The book is simply a collection of relevant documents from the Bilu Manifesto of 1882 to President Bush’s statement at the Annapolis conference on November 27, 2007, arranged in strict chronological order. In these days when rewriting history for political purposes is not only common, but apparently is seen by many as a legitimate academic enterprise, I find a dip into the cold water of actual facts refreshing before going to sleep.
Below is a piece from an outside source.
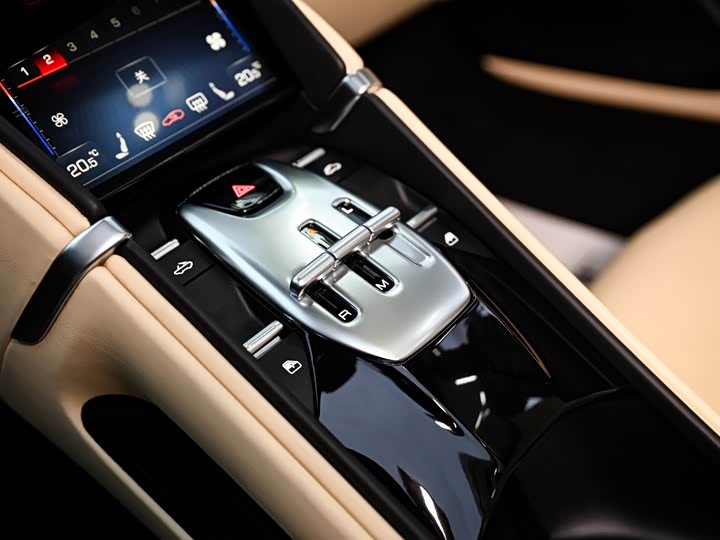 Photo 6 - Ferrari Roma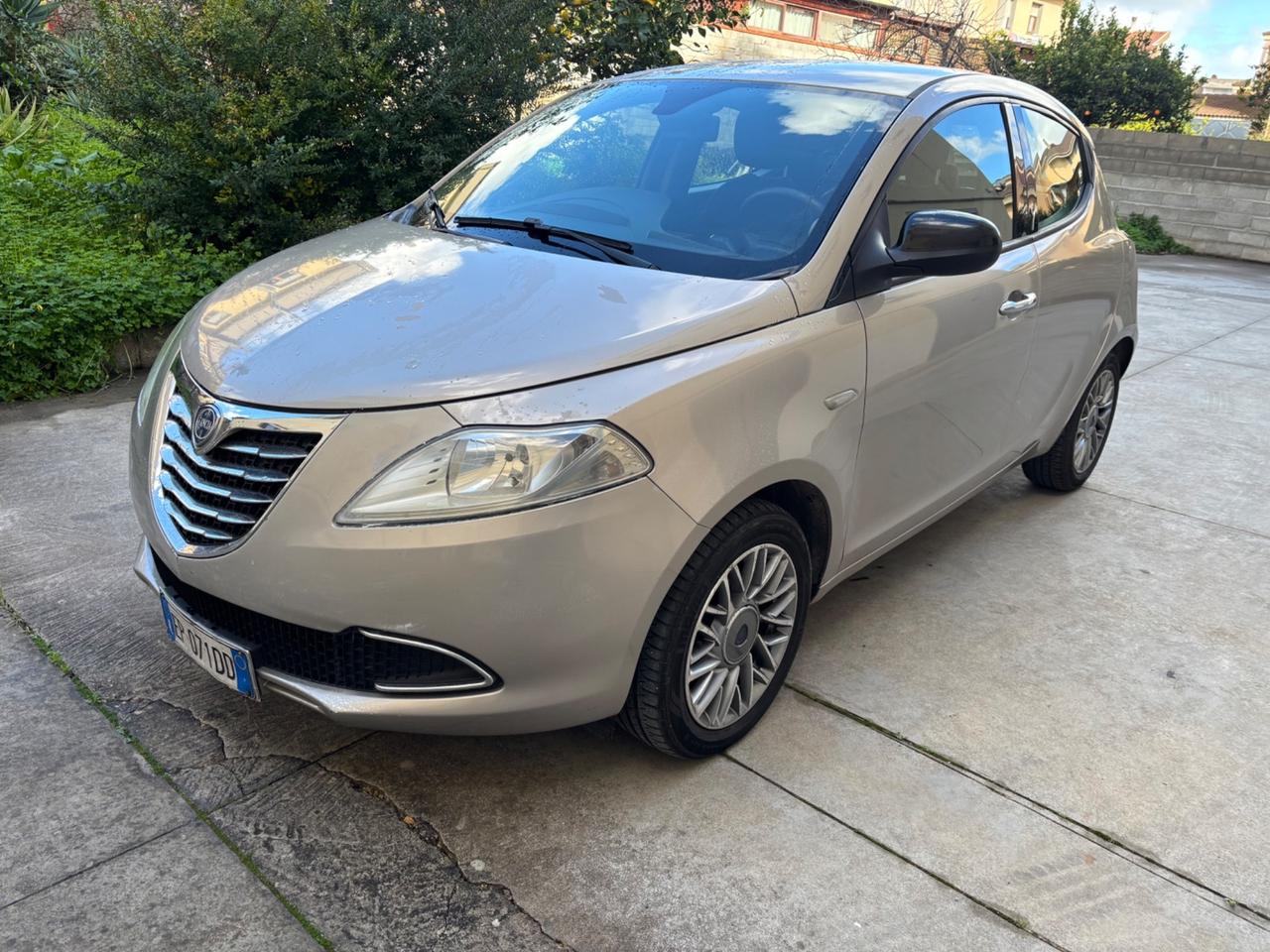 Lancia Ypsilon 1.3 MJT 75 CV Unyca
For example, take the British White Paper of 1939 (p. 44) which first reaffirms Britain’s commitment under the Balfour Declaration and the Mandate to provide for a Jewish National Home in Palestine, and then continues as follows:
Although it is not difficult to contend that the large number of Jewish immigrants who have been admitted so far have been absorbed economically, the fear of the Arabs that this influx will continue indefinitely until the Jewish population is in a position to dominate them has produced consequences which are extremely grave for Jews and Arabs alike and for the peace and prosperity of Palestine. The lamentable disturbances of the past three years are only the latest and most sustained manifestation of this intense Arab apprehension. The methods employed by Arab terrorists against fellow Arabs and Jews alike must receive unqualified condemnation. But it cannot be denied that fear of indefinite Jewish immigration is widespread amongst the Arab population and that this fear has made possible disturbances which have given a serious setback to economic progress, depleted the Palestine exchequer, rendered life and property insecure, and produced a bitterness between the Arab and Jewish populations which is deplorable between citizens of the same country [my emphasis].
In other words, unhappy Arabs respond with riots, terrorism and violence. Sound familiar? So the British, while ‘deploring’ the violence, decided to solve the problem — by stopping immigration:
For each of the next five years a quota of 10,000 Jewish immigrants will be allowed on the understanding that a shortage one year may be added to the quotas for subsequent years, within the five year period, if economic absorptive capacity permits.
In addition, as a contribution towards the solution of the Jewish refugee problem, 25,000 refugees will be admitted as soon as the High Commissioner is satisfied that adequate provision for their maintenance is ensured, special consideration being given to refugee children and dependents…
After the period of five years, no further Jewish immigration will be permitted unless the Arabs of Palestine are prepared to acquiesce in it [!].
Like Chamberlain’s famous capitulation to Hitler in the previous year, Britain chose to make a ‘practical’ decision instead of a morally correct one. And people wonder why the phrase “perfidious Albion” is still current!
I highly recommend this book, which may be read at any time of the day.